Imagine this: you’re a three-year-old kid watching Sesame Street. Everything about the show is bright and colorful and simply happy and upbeat. Just then the screen turns black with a screeching dissonant tone playing in the background and an ominous disembodied voice telling you that your normal programming has been interrupted.

I kid you not, that intro always freaked me out as a kid, sending me screaming out of the room or simply reaching for the remote to change the channel.

Not matter how many times this intro occurred, no matter how many times I saw it, no matter how much older I became, this three-second moment always managed to scare the ever-loving piss out of me.

Even as an adult I can’t stand to watch it. Even while writing this blog post, I’ve refused to watch any of the sketches in fear that I would come face-to-face with this thing, sending me into a panic attack and forcing me to relive bad childhood memories that I’ve since repressed and kept stowed away into the back reaches of my mind.

Now I know what you’re thinking: how in the world could you possibly be scared by this three-second intro to an otherwise harmless recurring sketch featuring a beloved Muppet character?

Well, I’ve been wondering this all my life, and having become older and wiser and having developed critical thinking skills, I can finally critically assess this moment and explain why it managed to scare me so.

Allow me to break this down for you:

1) The background. The title screen is black. Black is a very dark, foreboding color. This drastically contrasts with the rest of Sesame Street, which is otherwise bright and colorful.

2) The storm cloud logo. The logo is a storm cloud with a very sharp-looking lightning bolt flashing onscreen. (Because as we all know, children just LOVE thunder and lighning!)

3) The music. Oh sweet Celestia, the music--if you can even call it such! It’s really noise. The sound is like what you get if you tossed a box of rusty screws into a blender, set it to puree, then tossed it into a washing machine while a jet plane flies overhead. It’s a harkening dissonant tone that reverberates your very soul.

4) The announcer. And if that weren’t creepy enough, the disembodied, almost foreboding, there's the narrator telling you that your normal programming has been interrupted for a breaking news story. I’d almost imagine this is the voice you hear announcing your entry into purgatory.

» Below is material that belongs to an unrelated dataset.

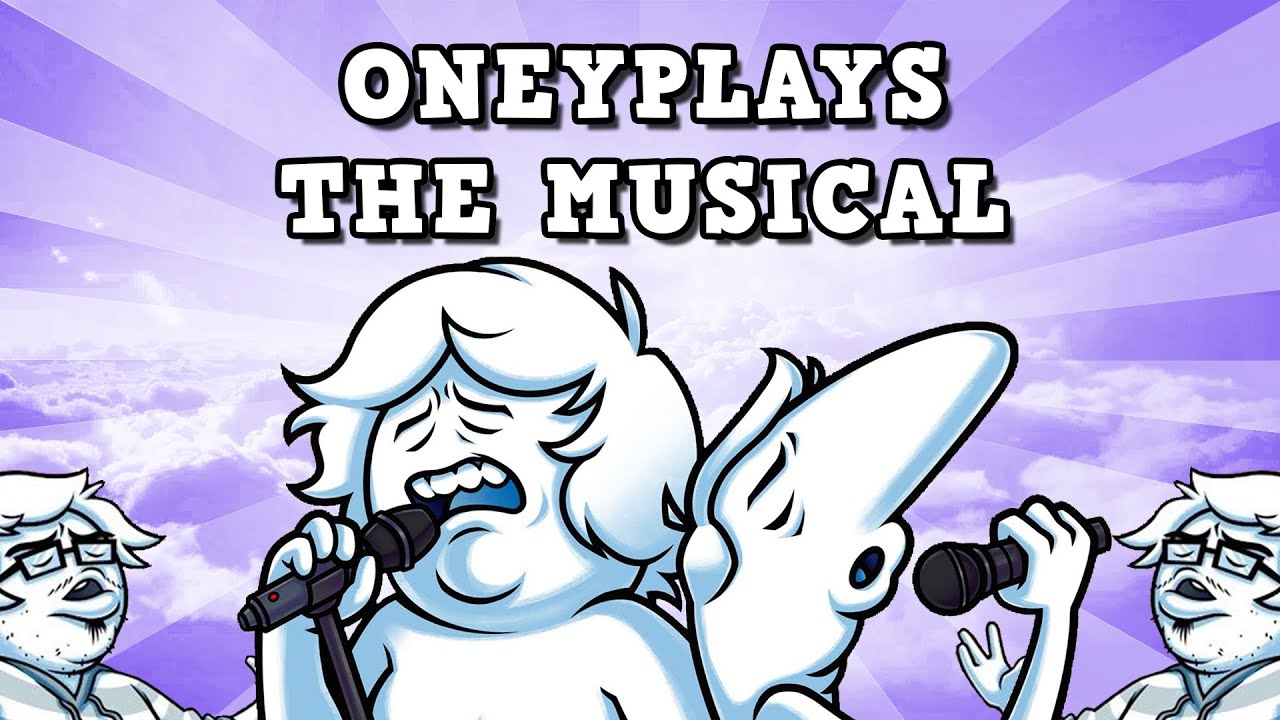 OneyPlays: THE MUSICAL! (Oneyplays compilation)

5) The unpredictability. What really got me about this intro scene was how it would just pop up when you least expected it. You could be watching Ernie annoy the freak out of Bert or be listening to a calm, soothing song when this pops right the freak out of nowhere. All of a sudden, you are faced with a dark screen, foreboding imagery, dissonant music, and a foreboding narrator.

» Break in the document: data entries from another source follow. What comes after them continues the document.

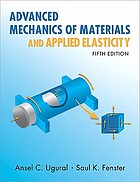 Advanced mechanics of materials and applied elasticity (Book, 2012 ...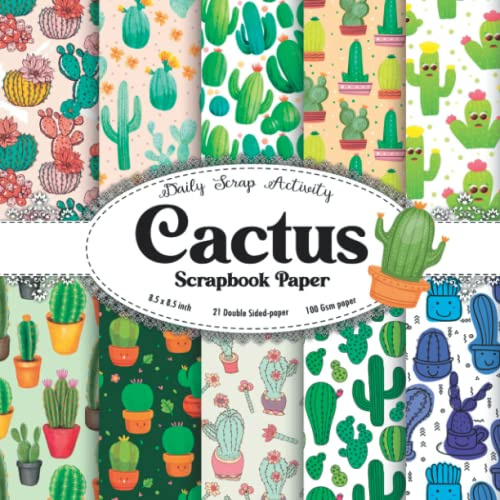 Cactus Scrapbook Paper: Succulent Plant Pattern For Scrapbooking, Double Sided Craft Paper for Gift Wrapping, Decoupage, Junk Journaling and Card ... potted plants) Paper Size 8.5 x 8.5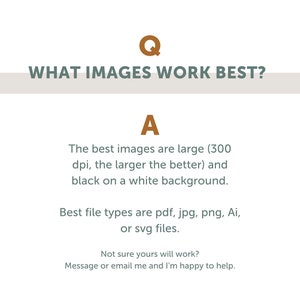 May include: Text graphic with the question "WHAT IMAGES WORK BEST?" and the answer "The best images are large (300 dpi, the larger the better) and black on a white background. Best file types are pdf, jpg, png, Ai, or svg files. Not sure yours will work? Message or email me and I'm happy to help."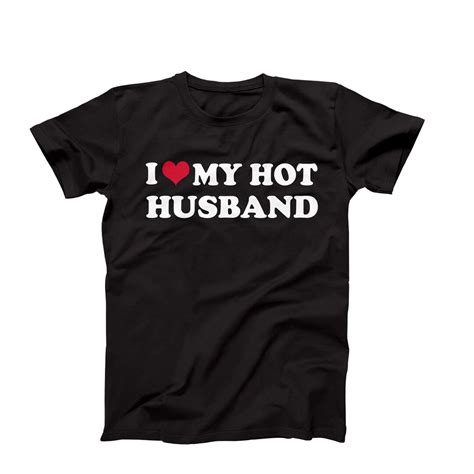 I Love My Hot Husband Shirt I Heart My Husband Funny Shirt For Hot Wife Valentines Day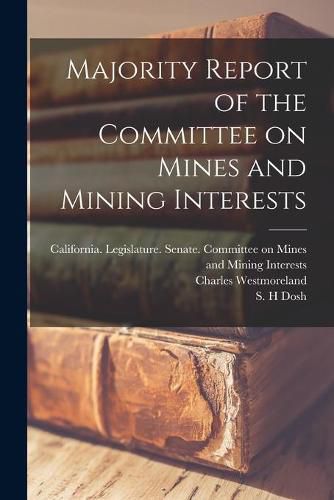 Cover image for Majority Report of the Committee on Mines and Mining Interests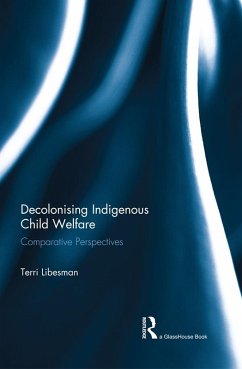 Decolonising Indigenous Child Welfare (eBook, PDF) - Libesman, Terri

All of that combined makes this moment the perfect jump scare, and the perfect way to traumatize a child such as myself. Everything about it contrasts with what Sesame Street is supposed to be, which is colorful and friendly.

Add the fact that it can come up at any moment when you least expect it, and you have a jump scare that puts ever screamer video on the internet to shame. And in fact, this is worse that a screamer video. Those things are usually relegated to adults. This is for young children who are easily frightened by anything.

But who knows? Maybe this scared me and only me. Maybe other children weren’t scared by it, but as for me, it will always be my top scariest nostalgic scare, and it will always make the days on the street less than sunny.

How scary is it? Like watching a 12-hour marathon of nothing but screamer videos!